◆ **Available data**:
● ● ● ●

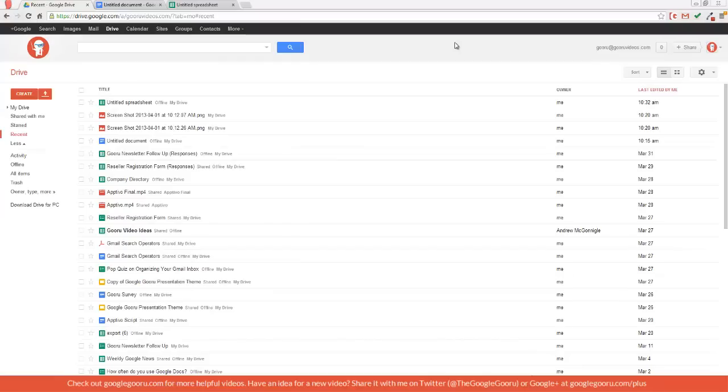Welcome back to Google Guru. Today I'm going to show you guys a new feature that I'm really excited about. It's called Voice Controls for Google Docs.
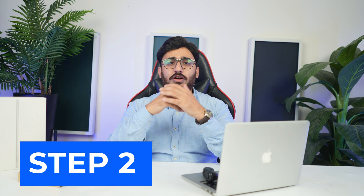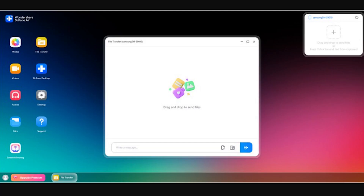Step 2: Try the file transfer feature. To transfer files from PC, select the File Transfer button to open a new window. In the message bar, select the 'click to select files' or 'click to select folders' button to attach the respective files for the transfer.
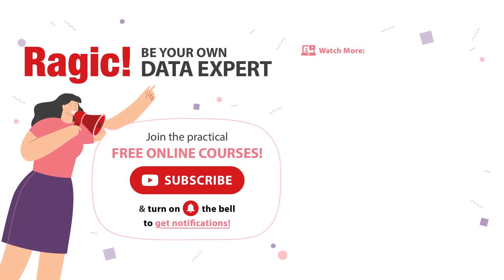To get more information, subscribe to our channel and click on the bell icon to get notifications for the latest videos. If you have any questions, leave your comments below.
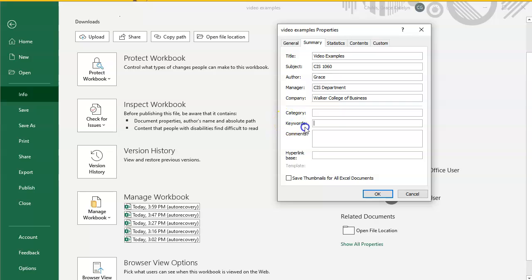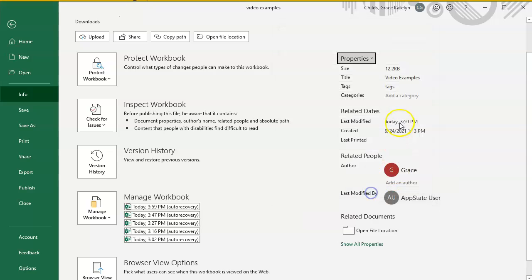Keywords is another word for tags. I'll put tags here and hit okay, and it'll show up right here.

● ● ● ●

Leave the pictures out and return the rest of the material exactly.

Welcome back to Google Guru. Today I'm going to show you guys a new feature that I'm really excited about. It's called Voice Controls for Google Docs.
Step 2: Try the file transfer feature. To transfer files from PC, select the File Transfer button to open a new window. In the message bar, select the 'click to select files' or 'click to select folders' button to attach the respective files for the transfer.
To get more information, subscribe to our channel and click on the bell icon to get notifications for the latest videos. If you have any questions, leave your comments below.
Keywords is another word for tags. I'll put tags here and hit okay, and it'll show up right here.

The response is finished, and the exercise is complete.